• _Exercise aim_
Exclude the images, then return every line below exactly as written.

• _Provided data_
************

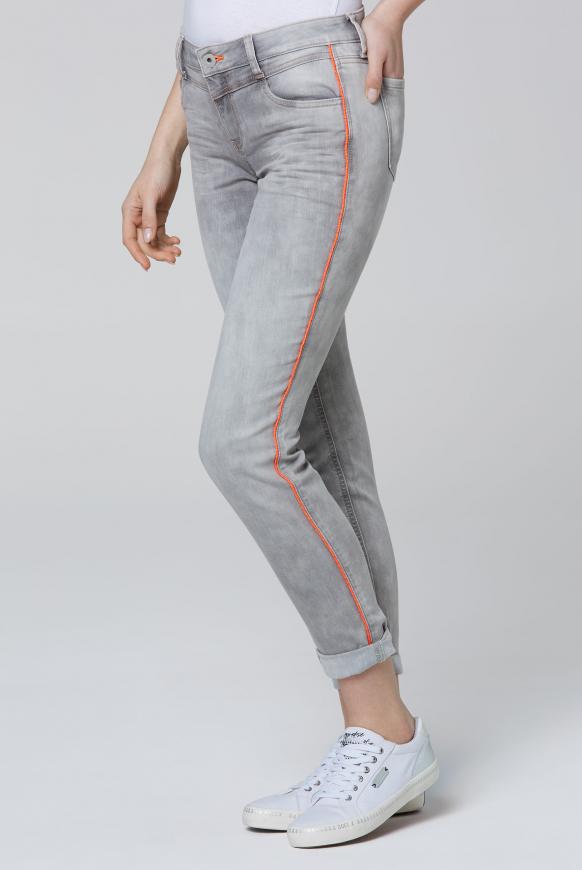 Jeans CH:EA mit Neon-Piping und Used-Optik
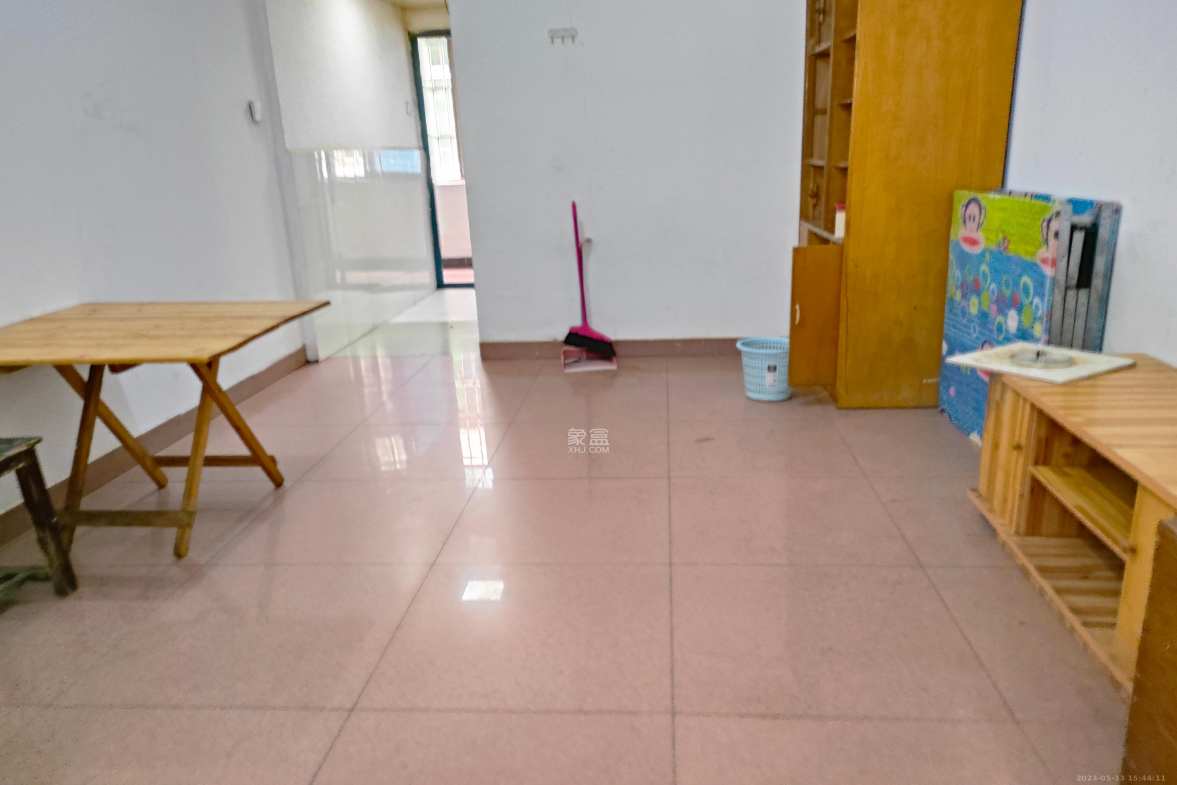 网船班小区  1室1厅1卫    900.0元/月室内图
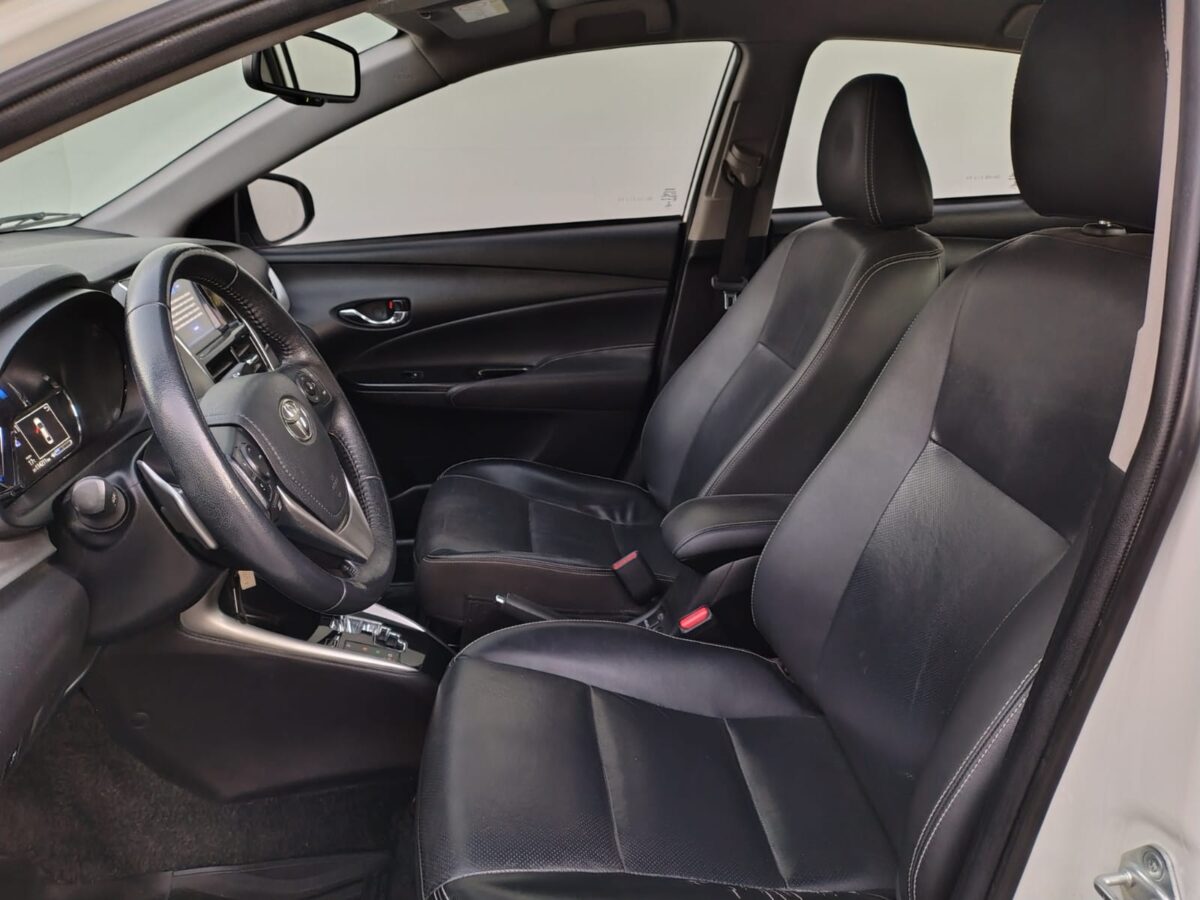 TOYOTA YARIS XLS PACK 1.5 CVT 4P-L.19 - Imagen 15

************

• _Task solution_
 Jeans CH:EA mit Neon-Piping und Used-Optik
 网船班小区  1室1厅1卫    900.0元/月室内图
 TOYOTA YARIS XLS PACK 1.5 CVT 4P-L.19 - Imagen 15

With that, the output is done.